I am not quite sure how that fits in with what I was saying. I am certainly not arguing that there should not be a good returns process; in fact, I have tabled an amendment to that effect later in the Bill.
(8 years, 9 months ago)
Lords ChamberMy Lords, I have my name to the first of this pair of amendments, but I congratulate the noble Lord, Lord Hylton, on picking up some specifics from the report and spelling them out in his Amendment 134B. We must all thank James Ewins, who was promoted in my speech at Second Reading, according to the Official Report, to coming from the UN rather than Ewins—not an inappropriate promotion.

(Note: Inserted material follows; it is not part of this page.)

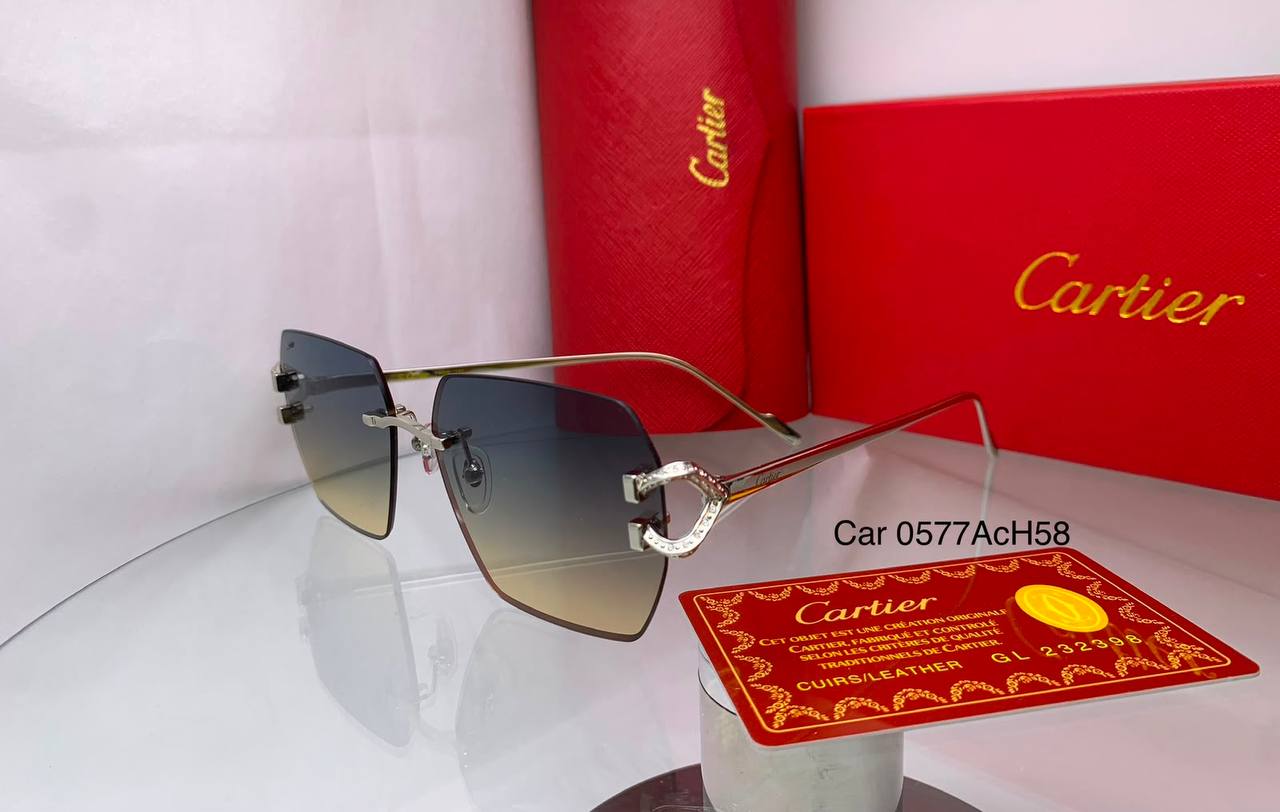 Ladies sunglasses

We must also thank the organisations which gave evidence, which have worked so hard for so long and provided so much support to this group of workers.
I was not entirely clear from the speech of the noble Lord, Lord Rosser, whether he and his party are behind the Ewins recommendations. His tone was certainly warm and supportive, but it may be that when I read his speech I will detect whether they would like them implemented in whole or in part. The Liberal Democrats regard the report and its recommendations as clear, considered, compassionate and to be implemented.

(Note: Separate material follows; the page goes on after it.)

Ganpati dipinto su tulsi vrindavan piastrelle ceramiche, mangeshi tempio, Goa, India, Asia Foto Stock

I will not repeat the arguments that have been made, with which I agree very much, but it is telling that Mr Ewins says that,
“this review has not taken such previous proposals as a starting point”,
but,
“has deliberately gone back to first principles and applied those principles to the evidence currently available. The fact that the conclusions accord to a considerable extent”—
not completely—
“with previous recommendations adds further weight to the argument in favour of the changes proposed”.
I, too, look forward to hearing how the changes he proposes are to be implemented.

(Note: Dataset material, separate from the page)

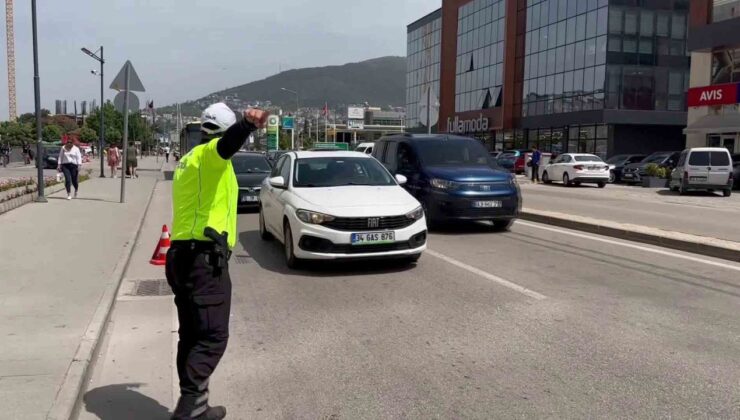 Bursa Emniyeti Trafik Kontrollerini Aralıksız Sürdürüyor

My Lords, I share the condemnation of domestic slavery, which I am sure is shared by all Members of this House, and I strongly support those organisations that seek to help such workers. In doing so, I speak with some experience on the ground. I was the consul in Abu Dhabi and the consul-general in Saudi Arabia, which is where 50% of these applications come from.
Let me start, then, by welcoming the Modern Slavery Act, which seeks to tackle the worst cases of abuse, providing advice and support for those who seek to escape. However, what is now proposed goes well beyond that. The independent reviewer seems to be suggesting that any domestic servant who is not satisfied with his or her conditions will be able to change employer and then remain in the UK working legally for, I think he says, two years—others say without time limit. At the end of that period, he supposes, I think, that they would simply pack up and go home to their impoverished home country. That seems a very unlikely outcome. It is far more likely that they will continue to work here—illegally, if necessary—so that they can continue to send money home. In many respects, that is understandable, but we must recognise that if that situation were to develop, word would spread very quickly among domestic workers in a number of source countries and it would not be very long before we had a significant loophole in the immigration system.
I do not think that I understand the noble Lord’s point.
My Lords, I think that my question to the noble Lord may be the same as that asked by the noble Lord, Lord Hylton. The noble Lord said that he knows that currently employers bring in domestic servants but lose them because they go on to other employment. If they come in on a tied visa, how can that be?
Well, they come in on a tied visa and then they do a runner and go and work for somebody else. The employer then goes back to his home country and puts in a visa next year for a new servant; he will claim, no doubt, that the servant has been working for a year, because that is one of the requirements, and come with his next servant. So the numbers will certainly increase. If you produce a loophole in these matters, they will increase very fast.